Published online by Cambridge University Press: 23 November 2009
In this book we present a comprehensive introduction to the use of Clifford algebras and Dirac operators in harmonic analysis and analysis more generally. In the past 30 years, Clifford algebras and Dirac operators have played a key role in three of the most important areas of mathematical research during that time: the boundedness of the Cauchy integral on Lipschitz surfaces, the realization of discrete series representations of semi-simple Lie groups, and the celebrated Atiyah–Singer index theorem. Much as an analyst would like to understand and appreciate these developments, however, there are formidable technical barriers to doing so, particularly for more classically trained analysts, as we have found to our cost over the years. Thus our aim from the outset has been to meld into a coherent and reasonably self-contained whole a body of ideas from classical singular integral theory, representation theory and analysis on manifolds, with a view to making this material accessible to more classically trained analysts.

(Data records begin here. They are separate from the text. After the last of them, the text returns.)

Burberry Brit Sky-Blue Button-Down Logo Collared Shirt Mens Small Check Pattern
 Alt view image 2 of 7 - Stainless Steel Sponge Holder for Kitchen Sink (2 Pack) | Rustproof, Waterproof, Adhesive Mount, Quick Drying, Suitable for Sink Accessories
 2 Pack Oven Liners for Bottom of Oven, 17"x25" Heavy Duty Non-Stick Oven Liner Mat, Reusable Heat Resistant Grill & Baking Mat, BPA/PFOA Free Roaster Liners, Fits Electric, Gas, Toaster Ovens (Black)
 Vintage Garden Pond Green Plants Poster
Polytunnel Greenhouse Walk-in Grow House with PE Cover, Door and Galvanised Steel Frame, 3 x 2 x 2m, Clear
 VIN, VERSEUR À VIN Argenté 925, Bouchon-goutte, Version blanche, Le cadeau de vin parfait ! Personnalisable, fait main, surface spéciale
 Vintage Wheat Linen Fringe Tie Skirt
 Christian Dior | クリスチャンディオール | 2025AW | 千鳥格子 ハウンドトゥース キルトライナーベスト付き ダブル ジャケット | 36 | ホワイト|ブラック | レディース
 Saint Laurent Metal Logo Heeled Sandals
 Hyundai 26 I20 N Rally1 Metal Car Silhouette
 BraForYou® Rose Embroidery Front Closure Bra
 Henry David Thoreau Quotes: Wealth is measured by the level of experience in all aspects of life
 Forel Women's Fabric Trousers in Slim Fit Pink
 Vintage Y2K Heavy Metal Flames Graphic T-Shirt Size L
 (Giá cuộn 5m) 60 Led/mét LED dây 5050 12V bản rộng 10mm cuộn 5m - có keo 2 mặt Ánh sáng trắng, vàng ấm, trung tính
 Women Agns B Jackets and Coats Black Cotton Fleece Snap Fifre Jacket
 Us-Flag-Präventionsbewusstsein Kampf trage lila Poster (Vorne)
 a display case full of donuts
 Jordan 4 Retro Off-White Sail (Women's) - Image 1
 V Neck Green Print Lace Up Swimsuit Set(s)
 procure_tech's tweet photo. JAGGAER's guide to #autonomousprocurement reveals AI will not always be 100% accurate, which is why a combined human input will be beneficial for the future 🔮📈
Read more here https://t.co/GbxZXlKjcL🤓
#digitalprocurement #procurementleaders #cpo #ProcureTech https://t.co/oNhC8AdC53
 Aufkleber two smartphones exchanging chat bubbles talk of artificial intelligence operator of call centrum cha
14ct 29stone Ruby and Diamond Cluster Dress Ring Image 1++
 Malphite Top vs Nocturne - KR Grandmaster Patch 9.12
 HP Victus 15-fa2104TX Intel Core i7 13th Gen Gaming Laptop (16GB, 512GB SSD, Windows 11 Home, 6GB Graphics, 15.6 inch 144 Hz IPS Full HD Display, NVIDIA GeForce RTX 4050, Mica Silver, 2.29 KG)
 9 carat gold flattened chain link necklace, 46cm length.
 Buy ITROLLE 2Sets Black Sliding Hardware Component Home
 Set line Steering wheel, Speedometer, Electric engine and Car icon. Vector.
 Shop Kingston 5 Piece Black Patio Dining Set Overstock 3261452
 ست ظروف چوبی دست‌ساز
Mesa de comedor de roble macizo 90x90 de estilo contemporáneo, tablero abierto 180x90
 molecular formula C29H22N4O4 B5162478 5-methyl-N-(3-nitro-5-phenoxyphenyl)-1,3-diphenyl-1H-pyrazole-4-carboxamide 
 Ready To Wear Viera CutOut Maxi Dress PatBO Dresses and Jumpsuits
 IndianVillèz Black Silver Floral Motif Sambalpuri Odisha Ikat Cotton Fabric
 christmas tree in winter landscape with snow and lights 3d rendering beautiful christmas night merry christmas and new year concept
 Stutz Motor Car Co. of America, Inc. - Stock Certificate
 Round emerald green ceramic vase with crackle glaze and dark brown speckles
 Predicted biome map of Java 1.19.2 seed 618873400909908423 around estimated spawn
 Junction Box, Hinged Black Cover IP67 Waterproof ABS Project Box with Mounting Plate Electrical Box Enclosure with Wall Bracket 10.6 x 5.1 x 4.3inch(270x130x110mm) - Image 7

Now the starting point for much of classical harmonic analysis is the study of the boundary regularity of harmonic functions in domains in Euclidean space. Classical Hardy space theory explores the consequences of the improved boundary regularity obtained when consideration is restricted to analytic functions in the plane. On the other hand, for SL(2, ℝ), the starting-point for representation theory of semi-simple Lie groups, some important unitary representations become irreducible only on restriction to analytic functions.